For the third year, there will also be a race for polo ponies sponsored by The Aiken Horse. The horses will race 300 yards (the length of a polo field) from a standing start. Entrants are required to be actual, experienced polo ponies, preferably ridden by real polo players. The races in 2009 and 2010 were both won by Eli Yale, a former racehorse currently playing at the Aiken Polo Club.
Although it can be a bit difficult to find polo horses that are fit and ready to run so early in the season, players who have participated have enjoyed themselves, and the race is a real crowd pleaser. Polo players who would like to join the action are welcome to put their entries in. If you are interested in racing, send an e-mail message to firstname.lastname@example.org, or give us a call at 803.643.9960. Get those horses fit now!
Spectators who would like to come to the trials should plan to spend the afternoon. In addition to the races, there will be a carriage parade, a tent party, a hat contest, a best carriage contest, best tailgating spot contest and a traveling mariachi band. Tickets may be purchased in advance at various locations, including Boots, Bridles and Britches and Aiken Saddlery. If you buy in advance, tickets are $10. They're $15 on the day of the races. (www.aikentrainingtrack.com)

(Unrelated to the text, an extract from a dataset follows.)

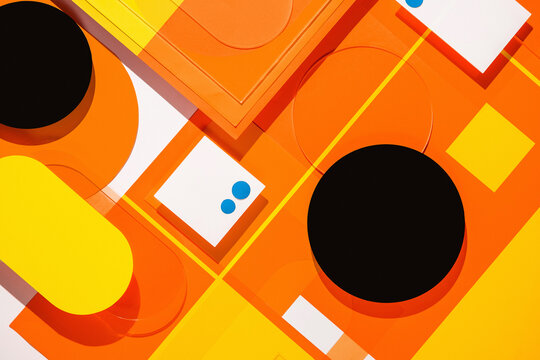 Geometric Shapes And Backgrounds /Circle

The second leg of the Triple Crown will be the Aiken Spring Steeplechase, held on March 26. The spring steeplechase is the first official meet on the National Steeplechasing Association calendar. It is also the largest equestrian spectator event in the area, drawing crowds from local areas as well as from further afield. Railside tailgating spots at the spring steeplechase are sold out months and even years in advance. General admission is always available, however and costs $10 in advance or $15 at the gate. Spectators may also elect to join the party under the tent opposite the finish line, which includes a gourmet lunch and a cash bar. There will also be a dinner and a dance the night before the races. For more information, contact the Steeplechase office at 803.648.9641, or check out the website: www.aikensteeplechase.com.
The final leg of the Triple Crown is the USC Aiken Pacers and Polo Match, which kicks off the spring polo season. This game will take place on Powderhouse Field on Saturday, April 2. The match, which always pulls in a big crowd, is a fundraiser for the University of South Carolina Pacers baseball team.

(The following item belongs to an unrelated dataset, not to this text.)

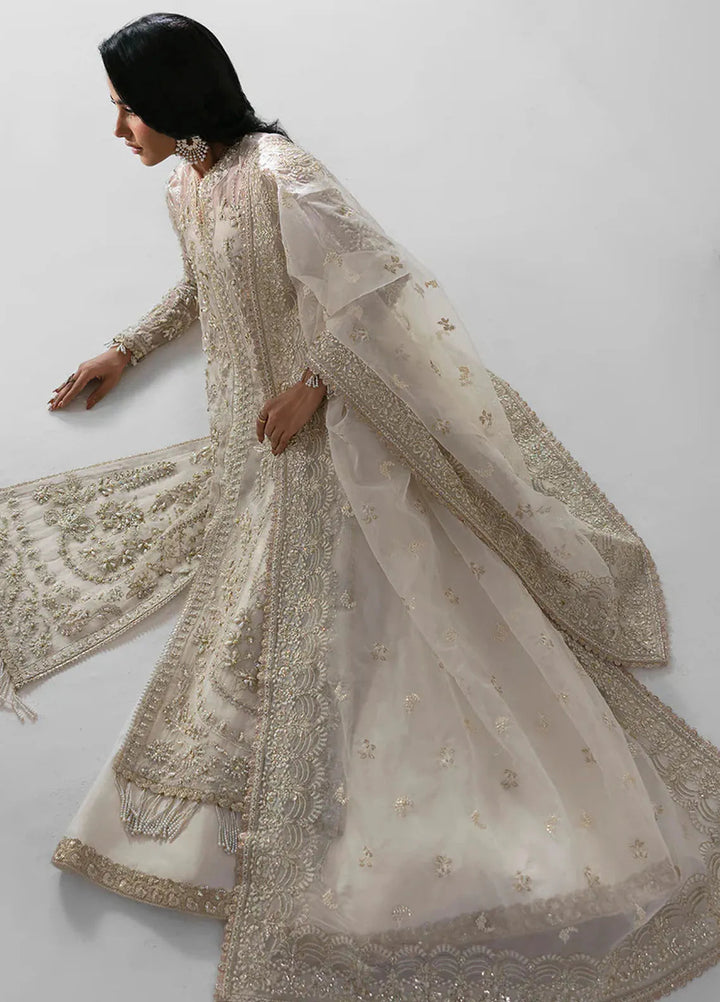 Seraphine by Zarposh Pret Embroidered Organza 3 Piece Suit Eclipse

The night before the game, on Friday, April 1, there will be a party at the fieldside tent. This party, presented by the Equine Steering Committee of the Greater Aiken Chamber of Commerce, is the third event of the chamber's Equine Performing Arts Series. Called a "Polo Asado and Tango," it will celebrate polo's South American connection, featuring an Argentine-style barbecue over an open fire.
Over the past few years, there have been quite a number of polo-centered fieldside parties called "tangos." Generally, these have featured eating, drinking and socializing, but no dancing. This party will be different, however. The Mike Frost Trio will be playing and the Palmetto Dance Studio is sending instructors. Adios, muchachos.